To do this, the circuit is linearized at the operating point and the parameters for the small-signal models used must be set.

Very simple approximations for determining these parameters for a BJT, a MOSFET and a JFET are given below.

See [Thompson], [Tietze/Schenk], [Vladimirescu].

Even if you get specific values for the parameters from the data sheets, curves or SPICE parameters, you should always be aware of the device variation and the dependence of the parameters on the voltages, currents and temperature.

Figure 109: Active region of a transistor

The approximations apply to the active region of the transistors and only to individual transistors. The influence of the substrate on integrated circuits is not taken into account.

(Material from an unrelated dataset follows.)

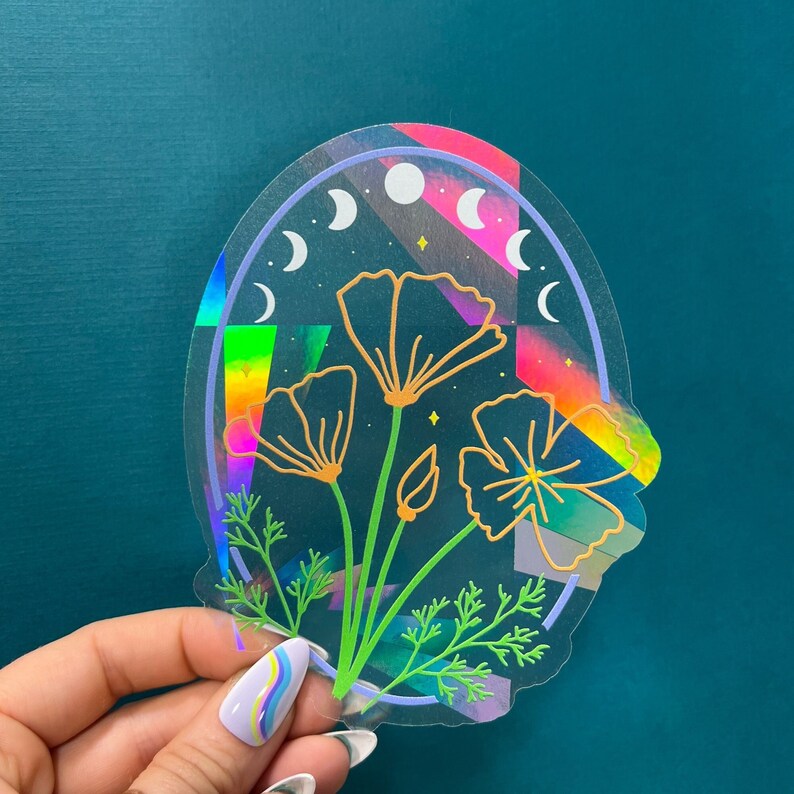 May include: A holographic sticker featuring a floral design with three flowers and leaves. The flowers are outlined in gold and the background is a rainbow gradient with a crescent moon pattern.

The circuit is at the desired operating point and, in particular, the collector current or drain current of the transistor is known.

17.1 Small signal models

The parameters are determined for the following small-signal models.

17.1.1 BJT

Figure 110: NPN BJT small signal model

Formula for IC

$I_C = I_S e^{\frac{V_{BE}}{V_T}} ( 1 + \frac{V_{CE}}{V_A} )$

$V_{CE} > V_{BE}$

17.1.2 MOSFET

Figure 111: NMOSFET small signal model

Formula for ID in the active region

$I_D = \frac{K}{2} (V_{GS} - V_{th})^2 (1+\frac{V_{DS}}{V_A})$

$V_{GS} >= V_{th}$

$V_{DS} >= V_{GS} - V_{th}$

$V_A = \frac{1}{\lambda}$

17.1.3 JFET

Figure 112: JNFET small signal model

Formula for ID in the active region

$I_D = Beta (V_{GS} - V_{th})^2 (1+\frac{V_{DS}}{V_A})$

$V_{GS} >= V_{th}$

$V_{DS} >= V_{GS} - V_{th}$

$V_A = \frac{1}{\lambda}$

17.2 Determination based on experience

At the beginning of a circuit design, there are often no special components and therefore no data sheets or SPICE models.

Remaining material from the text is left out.